・・・叩かれてますがね。何をいまさらって感じ。
大阪桐蔭だけが悪いとか、そういうことじゃなくて。
高校野球に限らず、高校サッカーでもなんでもスポーツ強豪校がひしめいている激戦区。だいたいそんなもんですよ。日本の体育会系文化、別に体育会系ってだけじゃなくて例えば東大法学部なんかでも完全に体育会系の文化ですけど、先輩後輩の絶対的な上下、昔人命今人材のどんぶり勘定感覚ね。つまりほっといたって優れてる奴は来るんだとふんぞり返って、キャパシティいっぱい伸ばしてやろうって気は全然ない。日本は戦争に負けて軍隊がなくなったけど、旧軍の悪い文化だけはそういう形で残ってる。挙句の果てがブラック企業でしょ。現在はブラック企業ばかり叩かれてますけど、昭和50年代前半ぐらいまでは日本の超一流企業でも文系新入社員は委託された研修会社で今のブラック企業がやってるような洗脳研修としか言えないようなこと普通にやってましたよ。何が何でも言うこと聞かせる。同時の社員研修なんてそのためだけにあったようなもの。あれを現場でやっていた人、ほとんどが旧軍の下士官ですよ。
特に旧帝国陸軍、まともな軍用トラック車両も戦車もほとんどないのにあれだけよく戦ったと思いますよ。他の国の軍隊でありえないです。まあそこんところが軍隊教育だったんでしょうが、当時の日本帝国もドイツ第三帝国も、国民人口が右肩上がりの時代だったんです。軍隊教育も、その流れをくむ日本の体育会教育のあり方も、その時代特有のもの。つまりいくらでも人間の補充が出来た時代のものです。今そういう時代ですか?ってことです。毎年100万人からガンガン人口が減っているんですよ。現在の日本は。それは放射能のせいだか知りませんけれども、人口激減時代に何年も前から入ってるんです。もはや逃げようのない現実ですよ。
そんな時にこんなことをまだやっている。これで良いわけもなく。大戦末期に日本は特攻作戦までやった。現在のコンピュータがやることを人間がやっていた。同じパイロット、でも現在の戦闘機乗り、いわゆるトップガン1人を育成するのに、最も高価な戦闘機(航空機ー機あたり100億円超です)の何倍もかかることがあり得る。そもそも人材育成って言い方。どうなのかなと思いますね。1人あたりに投入されるトレーナーなり教師なり、教育費のような経済コストも、人口右肩下がり時代なら、右肩上がりになる一方です。つまり一人一人大事に育てなきゃならない時代に明らかに突入している時に、人材を大量に浪費する時代の教育をやっている。その果てにあるのは亡国だけだと思いますよ。
甲子園の高校野球。それは憧れでしょうよ。高校球児もその親もね。そこで強豪校のスカウティングスタッフはこういうわけです。「息子さんの力で甲子園に行かせてください!」とね。親は心動きますよ。
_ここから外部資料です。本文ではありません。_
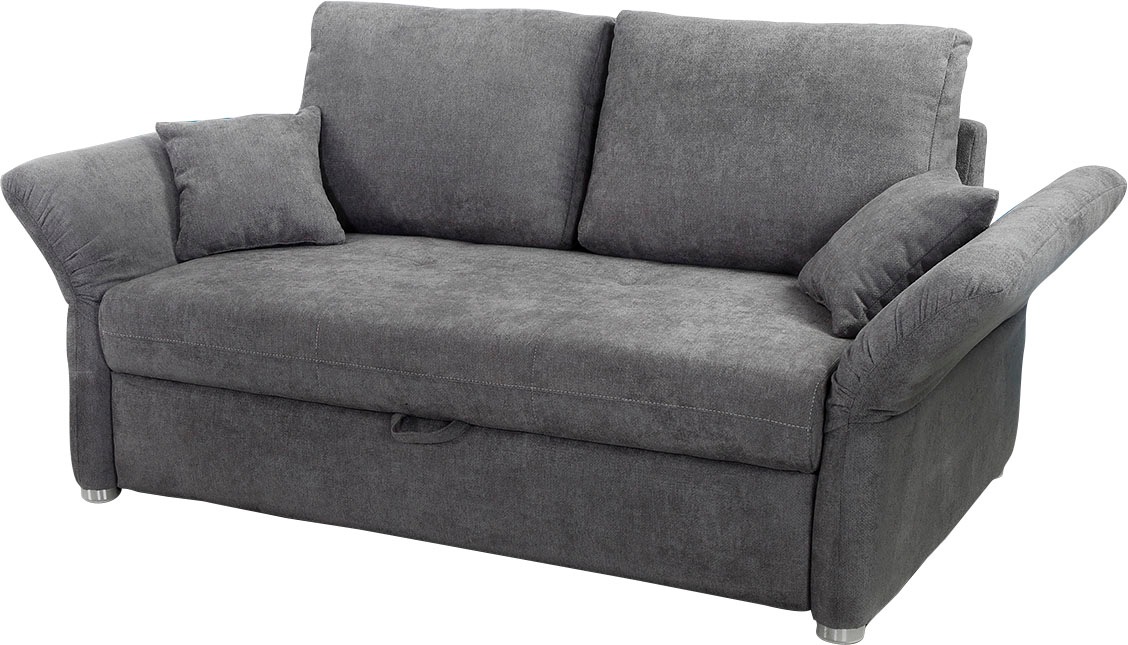 Jockenhöfer Gruppe Schlafsofa "Luca, B: 166-185 cm, Liegefl. 141-163x201 cm" mit Schlaffunktion, Bettkasten & Armteilverstellung, in 2 Breiten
しかしそれは嘘なわけで、毎年繰り返しているポジショントーク。自分のところでレギュラーポジションはないけれど、他校に獲得されたら困るんでとりあえず自分ところでとって最初から買い殺しにする腹づもり。甲子園でスタンド応援してる野球部員。ほとんどがそういう子ですよ。こんなものが教育ですか?それをまた販売促進の具にする巨大新聞社。教育を食い物にしているっていうなら彼らこそその最たる連中です。私も高校野球は好きだけど、あれもいつかどこかで精算が必要になる日が来るかもしれない。少子化は止めようがないわけだし。悪い手本ならどこかで・・ってことで。
本当に教育というなら、大谷翔平選手を輩出している花巻東高校。県立の進学校です。あそここそ手本だと思いますよ。甲子園で優勝できるかどうか別ですけど。教育の一環として結果も出している。高校野球に希望が持てるとしたら、あのような学校かも・・・。生徒数が減っているから選手1人当たりに集中投下できるコーチングスタッフの数は増えてるし、またコーチングスタッフの質もすごく上がっている。もうマンモス学校の時代はとうの昔に終わっているのに教育関係者が認識できていない。この波はやがて大学の大倒産時代へとつながっていくと思います。